Menurut Faisal dalam waktu empat tahun, pajak kelapa sawit dengan luas kebun 100.000 hektare yaitu sebesar Rp378 miliar. Nilai tersebut berbeda jauh dengan perhitungan Jaksa Penuntut Umum senilai Rp1,259 triliun.
Dasar perhitungannya adalah per hektare kelapa sawit menghasilkan empat ton minyak sawit. Harga minyak sawit per ton senilai US$350, sehingga satu hektare kelapa sawit dapat menghasilkan US$ 1.400 atau setara Rp 12,6 juta. Dipotong pajak sebesar 30 persen, maka per hektare kelapa sawit dikenai pajak sebesar Rp945.000.

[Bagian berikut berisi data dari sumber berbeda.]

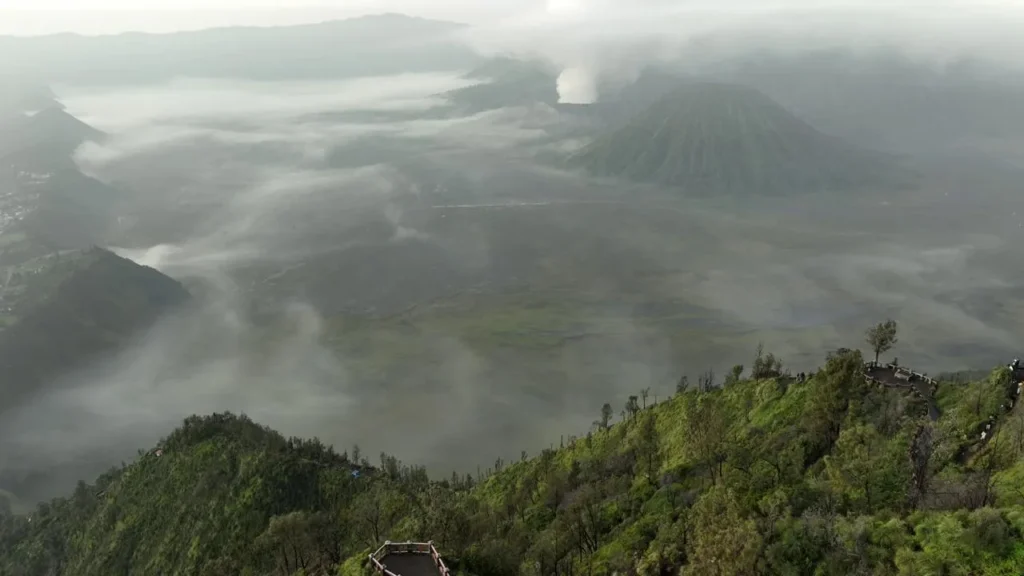 Aerial view of the four exclusive zones across Tengger Caldera during an early morning expedition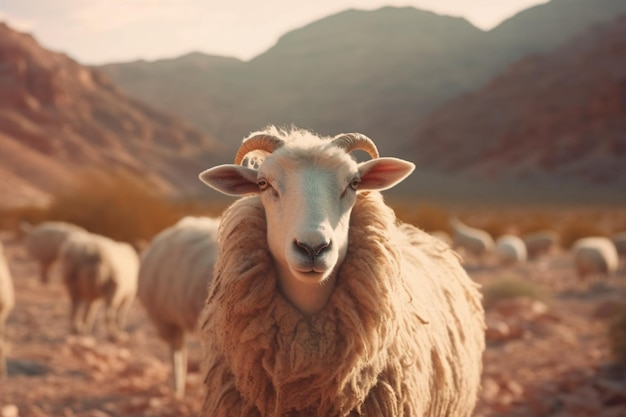 Majestueuze schapen sieren de dorre schoonheid van de woestijn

"Jika luas kebun sawit 100.000 hektare, maka pajaknya Rp94,5 miliar per tahun, sehingga dalam empat tahun total pajaknya Rp378 miliar," ujar Faisal, Kamis 27 Oktober 2011.

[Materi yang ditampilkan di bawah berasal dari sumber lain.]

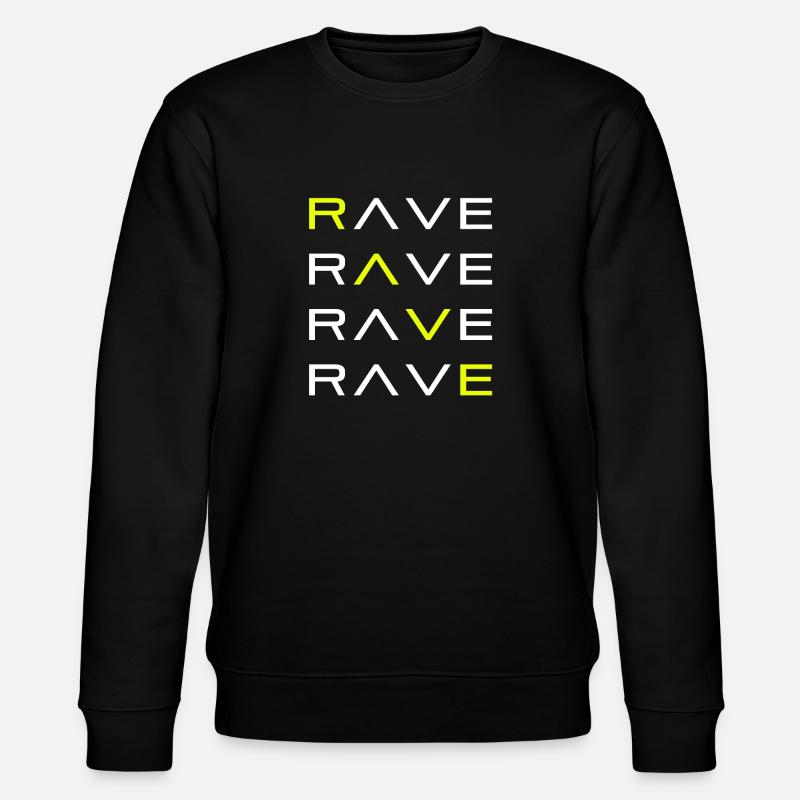 RAVE TECHNO RAVER - Stanley/Stella Unisex Bio-Sweatshirt CHANGER  - Schwarz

Sementara itu, saksi lainnya, ahli akuntansi dari Universitas Gajah Mada (UGM), Sumiyana menyatakan bahwa konfirmasi dalam audit investigasi harus dilakukan.
"Jika sumber audit tersebut dibatasi, maka pendapatnya harus disclaimer (tidak memberikan pendapat). Konfirmasi dalam audit investigasi ini penting, karena jika tidak ada konfirmasi, laporan hasil audit tersebut tidak dapat dipercaya," ungkapnya.
Audit Terbatas
Sebelumnya, Kepala Subdirektorat Investigasi Badan Pengawasan Keuangan dan Pembangunan (BPKP), Juniver Sinaga, mengatakan audit investigasi yang dilakukannya terhadap 14 anak perusahaan Asian Agri hanya dibatasi pada data yang diberikan oleh Jaksa Penuntut Umum (JPU).
Karena itu, investigasi tersebut dilakukan tanpa konfirmasi kepada perusahaan penghasil minyak sawit tersebut. Hasil audit investigasi BPKP yang dilakukan dalam kurun waktu 40 hari tersebut menyimpulkan bahwa telah terjadi kerugian pada pendapatan negara sebesar Rp1,29 triliun.
Seperti diketahui, Suwir Laut didakwa dengan pasal 39 ayat 1 huruf c Undang-Undang Nomor 16 tahun 2000 tentang Pajak. Suwir Laut dituding menyampaikan SPT yang tidak benar atau tidak lengkap untuk tahun 2002 hingga 2005 yang berakibat pada kerugian negera senilai Rp 1,259 triliun.
Ia terancam hukuman maksimal kurungan penjara enam tahun dan denda empat kali dari nilai kerugian negara. Sidang akan dilanjutkan Kamis, 3 November 2011 dengan agenda keterangan terdakwa, Suwir Laut.